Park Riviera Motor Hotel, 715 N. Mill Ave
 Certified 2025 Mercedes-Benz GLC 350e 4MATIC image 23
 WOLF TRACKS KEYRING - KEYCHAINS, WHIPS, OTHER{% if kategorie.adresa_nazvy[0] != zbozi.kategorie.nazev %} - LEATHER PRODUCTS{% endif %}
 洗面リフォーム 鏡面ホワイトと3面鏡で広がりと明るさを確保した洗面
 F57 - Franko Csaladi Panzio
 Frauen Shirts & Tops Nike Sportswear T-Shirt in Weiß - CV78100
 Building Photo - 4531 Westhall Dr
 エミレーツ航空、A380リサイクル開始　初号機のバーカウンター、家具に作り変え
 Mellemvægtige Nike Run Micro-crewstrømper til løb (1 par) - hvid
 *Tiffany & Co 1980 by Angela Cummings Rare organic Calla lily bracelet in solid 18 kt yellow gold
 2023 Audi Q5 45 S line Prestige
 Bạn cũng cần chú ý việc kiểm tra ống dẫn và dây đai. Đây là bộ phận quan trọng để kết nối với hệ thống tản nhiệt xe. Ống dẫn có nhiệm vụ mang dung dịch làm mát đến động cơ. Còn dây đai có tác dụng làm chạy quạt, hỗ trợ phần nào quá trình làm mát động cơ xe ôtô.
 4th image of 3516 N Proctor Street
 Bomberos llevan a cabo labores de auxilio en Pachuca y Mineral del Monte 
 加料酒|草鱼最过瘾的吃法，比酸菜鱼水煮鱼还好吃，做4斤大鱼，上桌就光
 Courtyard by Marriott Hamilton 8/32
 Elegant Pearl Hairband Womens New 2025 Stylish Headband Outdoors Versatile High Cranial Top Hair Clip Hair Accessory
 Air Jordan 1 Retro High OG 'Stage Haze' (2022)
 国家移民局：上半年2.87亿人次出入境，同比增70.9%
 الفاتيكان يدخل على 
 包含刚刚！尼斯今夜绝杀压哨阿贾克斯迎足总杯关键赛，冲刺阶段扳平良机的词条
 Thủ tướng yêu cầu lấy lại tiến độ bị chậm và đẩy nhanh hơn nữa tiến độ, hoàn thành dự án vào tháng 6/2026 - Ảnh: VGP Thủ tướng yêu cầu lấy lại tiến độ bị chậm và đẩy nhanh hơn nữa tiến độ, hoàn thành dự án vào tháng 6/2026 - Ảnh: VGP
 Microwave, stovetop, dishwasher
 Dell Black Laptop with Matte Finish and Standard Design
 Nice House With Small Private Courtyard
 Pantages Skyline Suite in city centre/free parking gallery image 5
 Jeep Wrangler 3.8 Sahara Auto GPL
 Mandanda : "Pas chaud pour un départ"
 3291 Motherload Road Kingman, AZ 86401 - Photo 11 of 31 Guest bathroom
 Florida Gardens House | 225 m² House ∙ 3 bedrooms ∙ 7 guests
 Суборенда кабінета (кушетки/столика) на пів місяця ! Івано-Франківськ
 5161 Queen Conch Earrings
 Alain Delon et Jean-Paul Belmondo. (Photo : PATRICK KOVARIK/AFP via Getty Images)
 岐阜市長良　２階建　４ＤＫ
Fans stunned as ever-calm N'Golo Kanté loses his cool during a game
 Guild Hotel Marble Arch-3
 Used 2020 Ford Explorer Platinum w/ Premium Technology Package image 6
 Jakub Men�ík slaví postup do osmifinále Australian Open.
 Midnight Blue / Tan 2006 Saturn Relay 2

PROBLEM TO WORK ON.
Go through the listing above and write out exactly the lines starting with the one holding "Courtyard by Marriott Hamilton 8/32" and running through the one holding "包含刚刚！尼斯今夜绝杀压哨阿贾克斯迎足总杯关键赛，冲刺阶段扳平良机的词条", ends included, and no others.

EXERCISE RESULT.
 Courtyard by Marriott Hamilton 8/32
 Elegant Pearl Hairband Womens New 2025 Stylish Headband Outdoors Versatile High Cranial Top Hair Clip Hair Accessory
 Air Jordan 1 Retro High OG 'Stage Haze' (2022)
 国家移民局：上半年2.87亿人次出入境，同比增70.9%
 الفاتيكان يدخل على 
 包含刚刚！尼斯今夜绝杀压哨阿贾克斯迎足总杯关键赛，冲刺阶段扳平良机的词条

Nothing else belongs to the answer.